» Task to carry out
Search the listing below for the line with "Kitsune, Dragon's Daughter", then write out that line and every one after it exactly, without the pictures.

» Given data
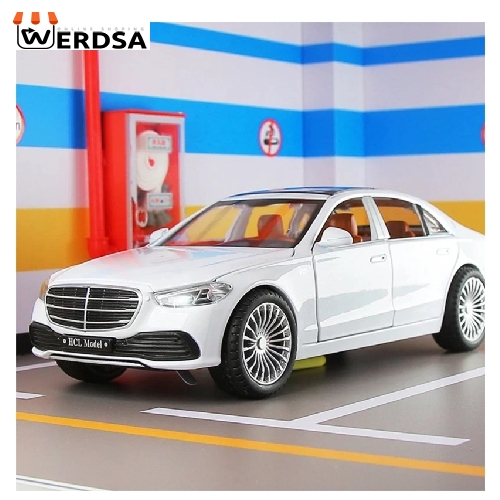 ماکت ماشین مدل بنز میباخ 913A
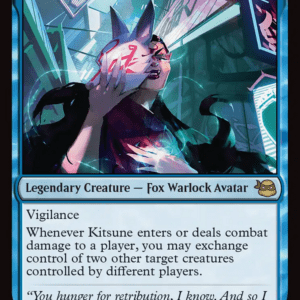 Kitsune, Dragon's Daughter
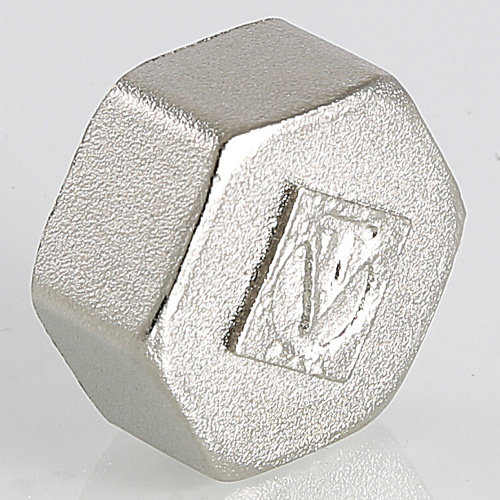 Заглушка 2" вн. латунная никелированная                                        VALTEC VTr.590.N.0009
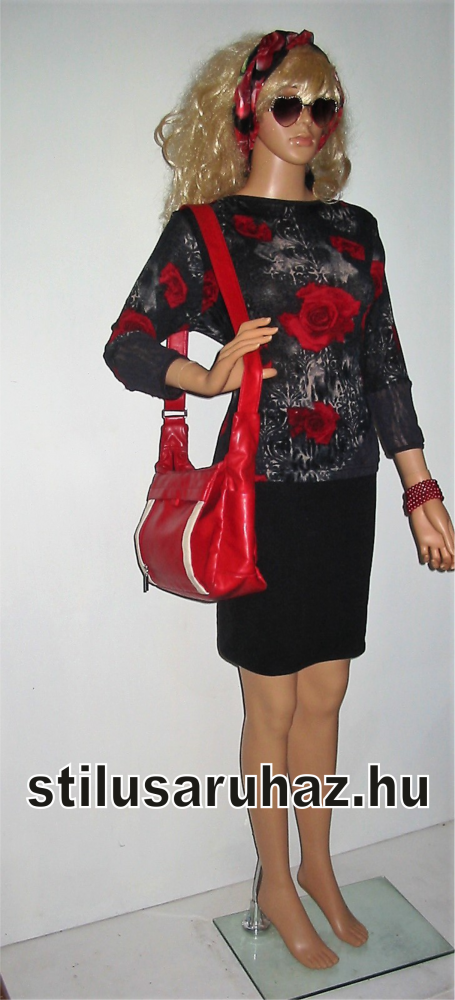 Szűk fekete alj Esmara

» Response area
 Kitsune, Dragon's Daughter
 Заглушка 2" вн. латунная никелированная                                        VALTEC VTr.590.N.0009
 Szűk fekete alj Esmara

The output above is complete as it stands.